If your program does not parse its program header, there should be no runtime perceivable behavior differences.

It parses the program header. That's why it knows that there is more than one RW. It's looking for a single RW so that it can mremap its data, but it's confused when it finds more than one RW.

Merging 2 RW into one can be seen as an optimization, and lld does not support it.

Well....hold on. lld used to emit one RW prior to that patch, and now it doesn't. My issue is that I'm fine reverting the patch locally, but then RELRO overlaps the entire RW due to the rounding. So far I've tried eliminating the rounding, but now I'm trying it with the rounding restored and attempting to insert a dummy section prior to .data. to push .data. up to the next page boundary.

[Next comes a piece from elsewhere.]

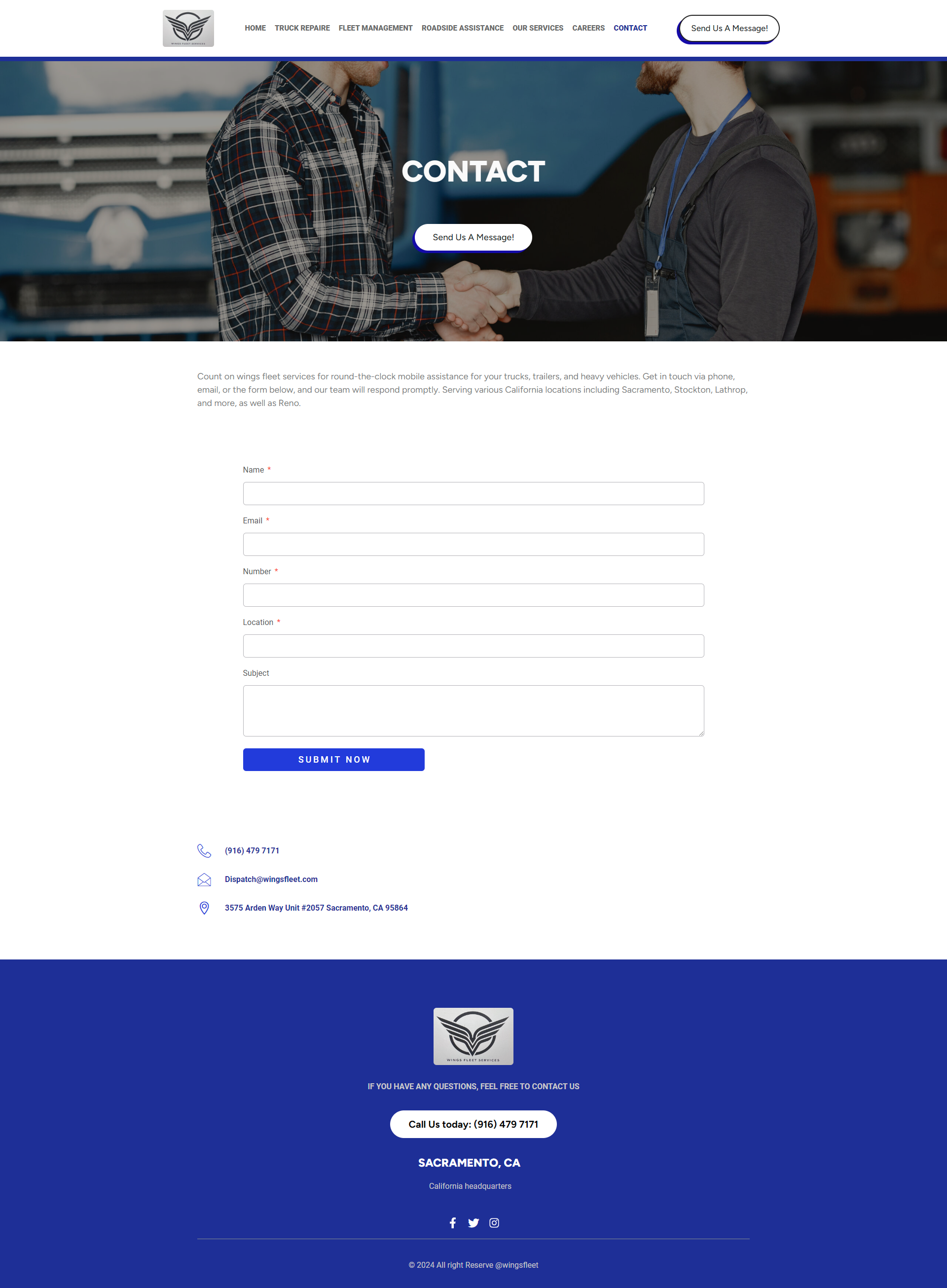 Wingsfleet.com contact us page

I'm trying to figure that part out now, but it's not clear if I need to create it early as another synthetic section or if I can just create one in Writer.cpp.

If your program does not parse its program header, there should be no runtime perceivable behavior differences.

It parses the program header. That's why it knows that there is more than one RW. It's looking for a single RW so that it can mremap its data, but it's confused when it finds more than one RW.

Merging 2 RW into one can be seen as an optimization, and lld does not support it.

Well....hold on. lld used to emit one RW prior to that patch, and now it doesn't. My issue is that I'm fine reverting the patch locally, but then RELRO overlaps the entire RW due to the rounding.

My feeling is one RW partially overlapping PT_GNU_RELRO can be more problematic. Because lld does not have code to align a middle section in a segment to maxpagesize. "overlaps the entire RW due to the rounding" is indeed the problem you may face. I think the current lld segment layout is better than GNU linkers'.

So far I've tried eliminating the rounding, but now I'm trying it with the rounding restored and attempting to insert a dummy section prior to .data. to push .data. up to the next page boundary. I'm trying to figure that part out now, but it's not clear if I need to create it early as another synthetic section or if I can just create one in Writer.cpp.

I suggest that you update the software that parses RW. If you really want to keep a local lld patch that restores the original behavior (which I consider inferior), in Writer.cpp:fixSectionAlignments, sets addrExpr to align to the maxpagesize for the first section after the last PT_GNU_RELRO section.

troyj added a comment.Oct 23 2019, 5:57 AM

I suggest that you update the software that parses RW. If you really want to keep a local lld patch that restores the original behavior (which I consider inferior) ...

Thank you for the advice. I understand from your perspective it is inferior, so I'm not trying to submit an upstream patch for this. I'm dealing with released software that is not receiving any further updates but will need to coexist with a new toolchain that uses lld. I can modify lld; I can't modify the other software.